The next day I am seen by strangers. “Oh you look so cute today!” the woman in the frozen aisle says to me. I say thank you and I hold on to her words. Tightly, before I forget them, I take her words and I shove them in a jar for safe keeping, for days I become invisible again. Today I am on top of the world, I can feel the sun touch my skin, hugging my body, singing, “it will be okay.” I let the world in and it embraces me as an old friend, “welcome back,” Mother Nature whispers. I see the colors as for the first time, vibrant and extraordinary shades of green; the blades of grass shake in the warm wind. This is what life is. Even the bird chirp makes me feel a part of something bigger.

Then next day I wake up and I hear the chirping of birds and I swear to god if they don’t shut the fuck up, then I am going to kill them all. Jace muffles good morning and I think to myself what is good about this morning? I begin to cry because just yesterday I was happy, I let the happiness slip through my fingers. I open the jar to relive the happy moments but I can’t even find the damn jar. I can’t even remember where the jar is. I cry harder and Jace is confused because we’ve only been up for 20 minutes and I already feel the crippling tinge of suicide. I can feel the fear set in, the angst of self-harm, I feel it all so much. My emotional skin is thin, paper thin; I can feel every inch of sadness beating into my body, cutting me open, leaving me vulnerable and more weak than I started. I am so worked up at this point I am literally choking on my saliva, coughing, wrapping myself in the blankets so the sun can never see me, so it can never touch my skin again. I tuck my knees to my chest, and rock underneath the blankets, I bury myself deeper and deeper trying to find safety.

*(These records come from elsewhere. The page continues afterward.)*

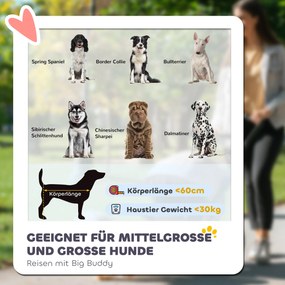 PawHut Wózek dla psa, składany, składany, poduszka, stalowa rama, Czerwony/Czarny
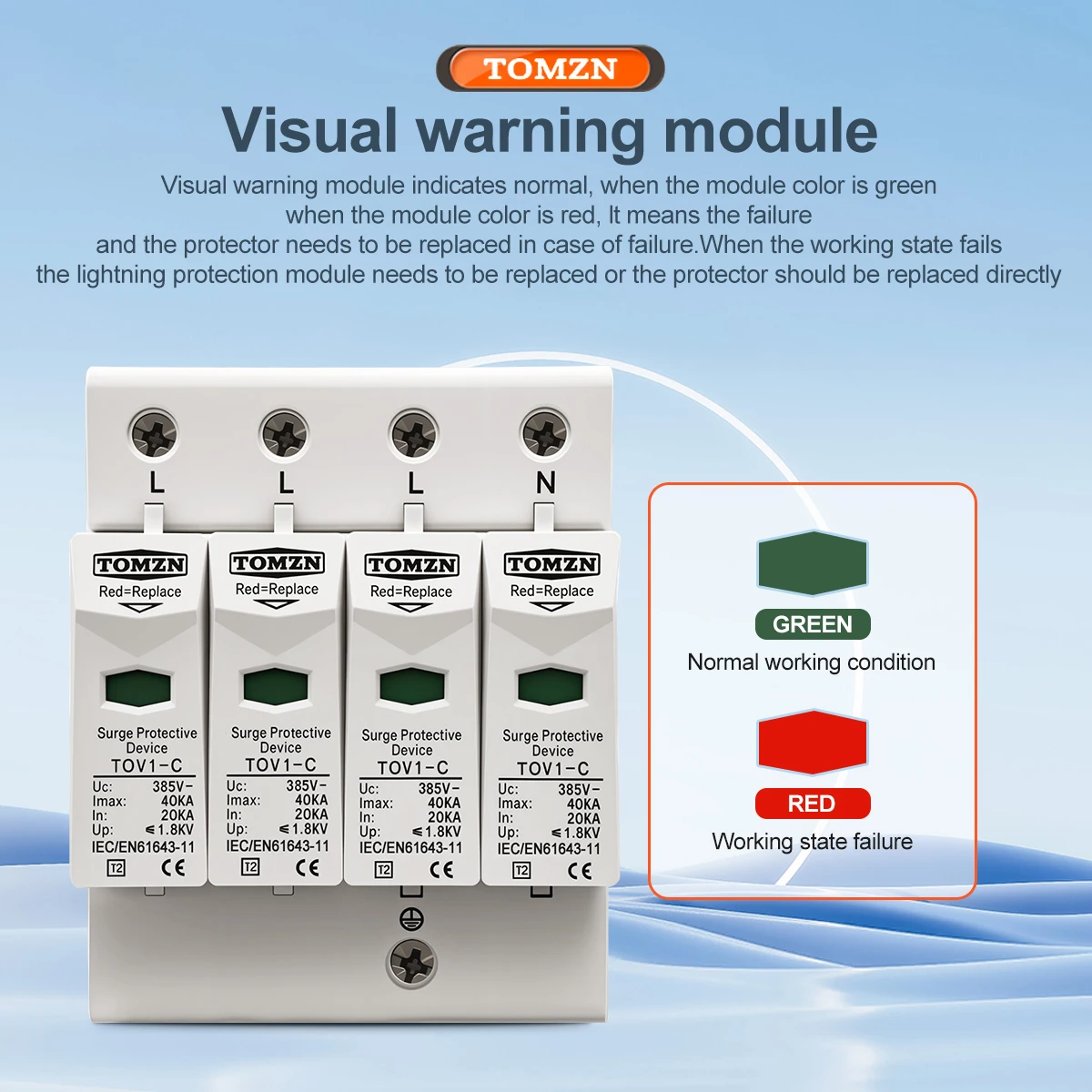 TOMZN AC SPD 3P+N 20-40kA 275/385/420VAC House Surge Protector protection Protective Low-voltage Arrester Device Lightning OB0 - Image 5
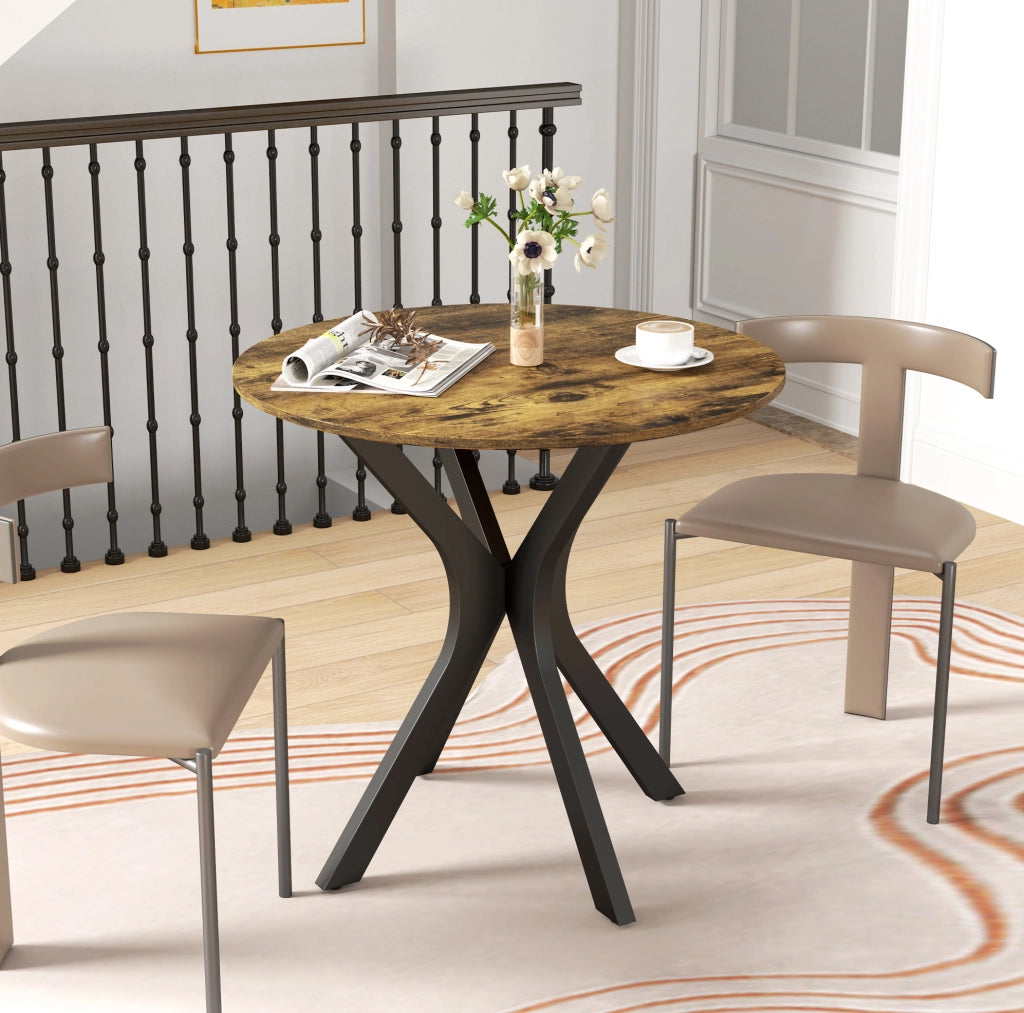 Tavolo da pranzo rotondo 80x75 cm in MDF marrone rustico, base in acciaio, 2 posti
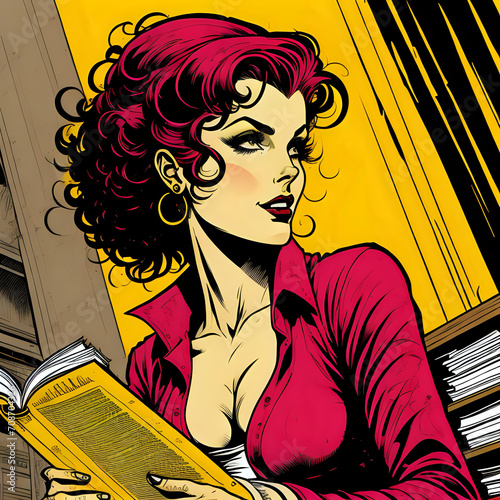 Charming woman reads a book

So when Fitzgerald writes, “-it’s harder to deprive oneself of a pain than a pleasure,” and Voltaire replies, “for is there anything more stupid than to be eager to go on carrying a burden which one would gladly throw away, to loathe one’s very being and yet to hold it fast, to fondle the snake that devours us until it has eaten our hearts away?” I tilt my head down and let the tears fall. Because I like these men, question it all too much. I ask myself why I can feel so much sadness but struggle with happiness. I question why I crave life when I beg for death? Why I can’t let today’s troubles roll off my shoulders, why I hold onto it and play it over and over again in my head until I am paranoid to the point where I cannot move. Why do I let the snake tangle itself around my neck, suffocating me… slowly killing me? Why can’t I let it go?

I don’t know I just have always been.